The US President signed a memo ordering his team to start calculating reciprocal tariffs to match those charged by other countries and counteract non-tariff barriers.
He has been promising to introduce reciprocal tariffs but the latest directive stopped well short of that, instead kicking off what will likely be weeks or months of investigation into the levies imposed on US goods by other trading partners and then devising a response, according to Reuters.
Howard Lutnick, Trump’s pick for commerce secretary, said the administration would address each affected country one by one and said the administration’s studies on the issue would be completed by April 1.
That was also a deadline Trump set on his first day in office for Lutnick and other economic advisers to report to him with plans to reduce the chronic trade imbalances that the President saw as a US subsidy to other countries.
Trump, who campaigned on a pledge to bring down consumer prices, said prices could go up in the short term as a result of the moves.
“Tariffs are great,” he said.
A White House official, who spoke to reporters before Trump’s event in the Oval Office, said the administration would study countries with the biggest trade surpluses and highest tariff rates first.
Tariffs would match the higher duties charged by other countries, the President said, and would aim to counteract non-tariff trade barriers such as burdensome regulations, value-added taxes, government subsidies and exchange rate policies that could erect barriers to the flow of US products to foreign markets.
“They effectively don’t let us do business.

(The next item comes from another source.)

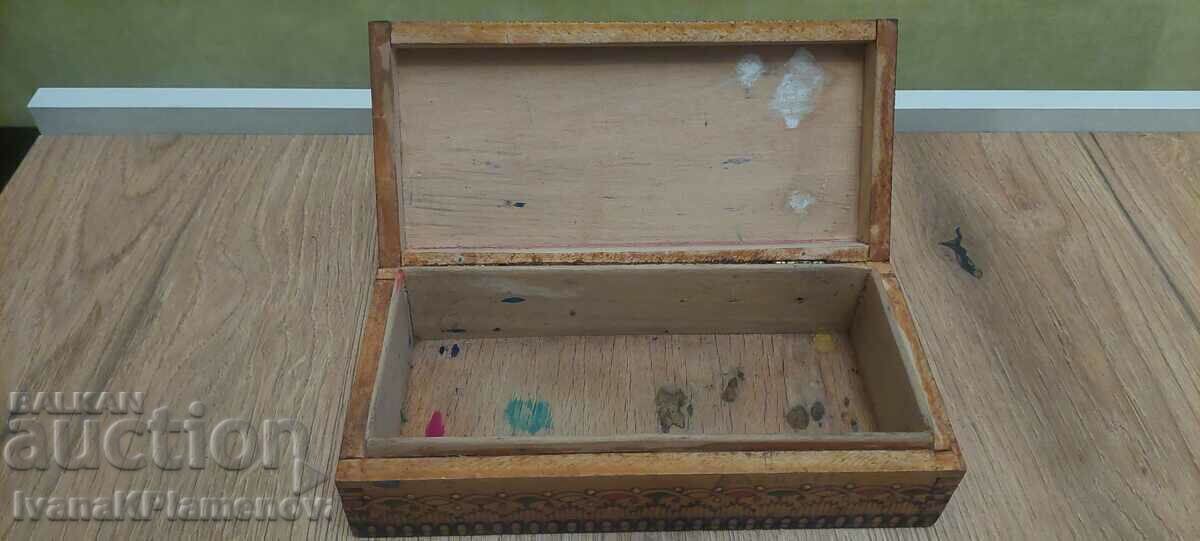 Delivery of Pyrographed wooden box Delivery of Pyrographed wooden box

So we’re going to put a number on that that is a fair number. We’re able to accurately determine the cost of these non-monetary trade barriers,” he said.

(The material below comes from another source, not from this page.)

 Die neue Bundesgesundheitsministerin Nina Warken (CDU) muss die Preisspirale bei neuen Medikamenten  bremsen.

The broad announcement appeared designed at least in part to trigger talks with the EU and other countries. The White House official said Trump would gladly lower tariffs if others lowered theirs.
“So the President is more than happy to lower tariffs if countries want to lower tariffs. But let’s also recognise that tariffs, higher tariffs, are not the biggest part of the problem in many, if not most cases,” the official said.

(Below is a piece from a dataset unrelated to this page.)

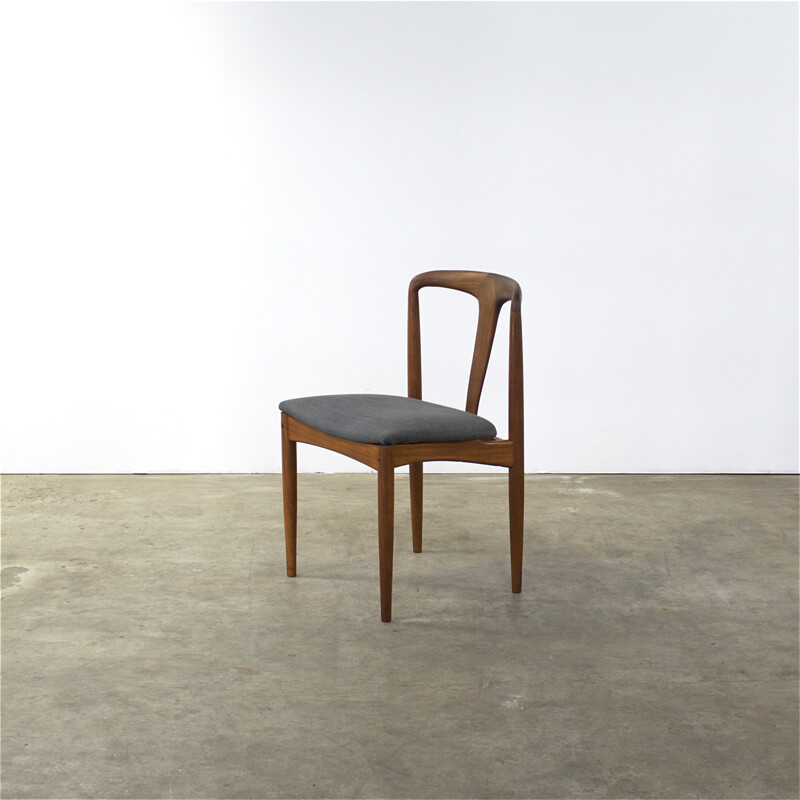 Suite de 4 chaises "Juliane" en teck et tissu gris foncé, Johannes ANDERSEN - 1960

Trump’s latest round of market-rattling tariffs has ratcheted up fears of a widening global trade war and threatened to accelerate US inflation.
Trade experts said structuring the reciprocal tariffs that he wanted posed major challenges for his team, which may explain why the latest duties were not announced earlier.
Damon Pike, a trade specialist and principal with the US division of accounting firm BDO International, said the reciprocal tariffs the President envisioned would result in a monumental undertaking, given that each of the 186 members of the World Customs Organisation had different duty rates.
“At the international level, there’s something like 5,000 different descriptions at the 6-digit (product subheading) level, so 5,000 times 186 nations. It’s almost an artificial intelligence project,” he said.
Experts said Trump could turn to several statutes, including Section 122 of the Trade Act of 1974, which would only allow a flat rate maximum of 15 per cent for six months, or Section 338 of the Tariff Act of 1930, which provides authority to act against trade discrimination that disadvantages US commerce, but had never been used.
The US President could also use the same International Emergency Economic Powers Act used to justify the tariffs imposed on China and those pending for Canada and Mexico, or possibly the EU.
The White House official said that measure and others could be used.
“Absent IEEPA [International Emergency Economic Powers Act], there would need to be some kind of agency action first before any trade remedy tariffs can be imposed … but everything seems to be on the fast track,” Pike said, adding that normally tariffs would be ratified by Congress.